Hacker Newsnew | past | comments | ask | show | jobs | submitlogin

Awhile ago I wrote a Python library called LiveStats[1] that computed any percentile for any amount of data using a fixed amount of memory per percentile. It uses an algorithm I found in an old paper[2] called P^2. It uses a polynomial to find good approximations.

The reason I made this was an old Amazon interview question. The question was basically, "Find the median of a huge data set without sorting it," and the "correct" answer was to have a fixed size sorted buffer and randomly evict items from it and then use the median of the buffer. However, a candidate I was interviewing had a really brilliant insight: if we estimate the median and move it a small amount for each new data point, it would be pretty close. I ended up doing some research on this and found P^2, which is a more sophisticated version of that insight.

[1]: https://github.com/cxxr/LiveStats

[2]: https://www.cs.wustl.edu/~jain/papers/ftp/psqr.pdf



There are some newer data structures that take this to the next level such as T-Digest[1], which remains extremely accurate even when determining percentiles at the very tail end (like 99.999%)

[1]: https://arxiv.org/pdf/1902.04023.pdf / https://github.com/tdunning/t-digest


NB: Post author here.

Yeah, that was one of the reasons we chose it as one of the ones to implement, seemed like that was a really interesting tradeoff, we also used uddsketch[1] which provides relative error guarantees, which is pretty nifty. We thought they provided different enough tradeoffs that we wanted to implement both.

[1]: https://arxiv.org/abs/1908.10693


Is it using https://github.com/tvondra/tdigest under the hood, or a separate implementation?


If folks are interested:

https://github.com/timescale/timescaledb-toolkit/blob/main/e...

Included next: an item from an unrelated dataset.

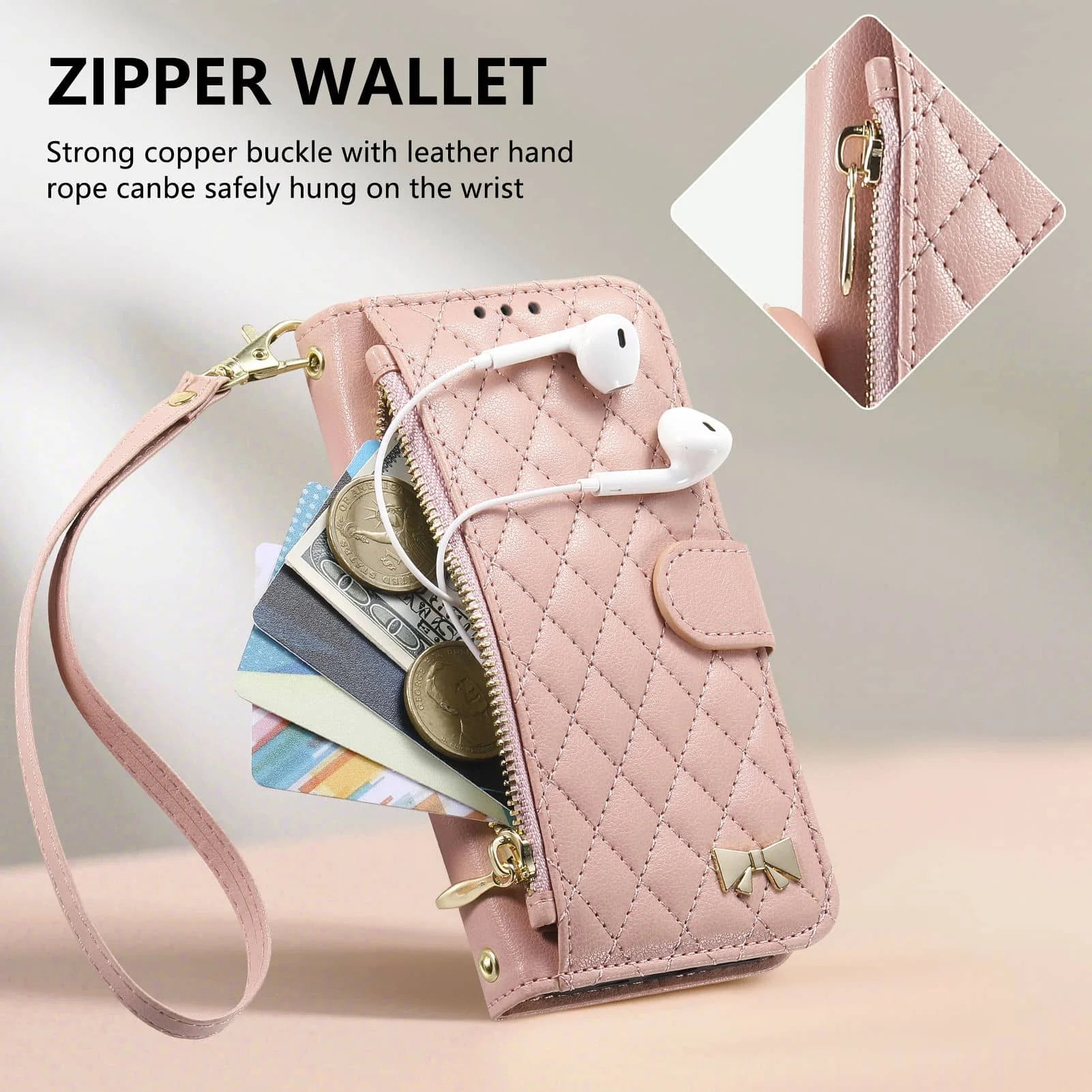 Crossbody Wallet Case Quilted Zip Pocket Card Holder for iPhone 17 Series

(The TimescaleDB Toolkit is also implemented in Rust)


Facebook seems to have an even better performance implementation using sqrt. Might make sense to port that over to Rust. https://github.com/facebook/folly/blob/master/folly/stats/TD...


a separate implementation


Hi, in an unrelated nitpick: The relative error should be calculated by dividing the error by the true value, not by it's approximation. Still, very nice writeup!


Thanks! messed up the formula but had it right in the text :( Fixed now.


Not an expert on this topic but I noticed that the KLL algorithm (published in 2016) was not mentioned in this thread, which provides theoretically optimal performance for streaming quantiles with guaranteed worst case performance: http://courses.csail.mit.edu/6.854/20/sample-projects/B/stre... (And is pretty fast in practice).


NB: Post author here.

Interesting will have to take a look! Thanks for sharing!


Also relevant: Single-Pass Online Statistics Algorithms

[1] http://www.numericalexpert.com/articles/single_pass_stat/


That's pretty neat! Can these be used to efficiently compute rolling percentiles (over windows of the data), or just incremental?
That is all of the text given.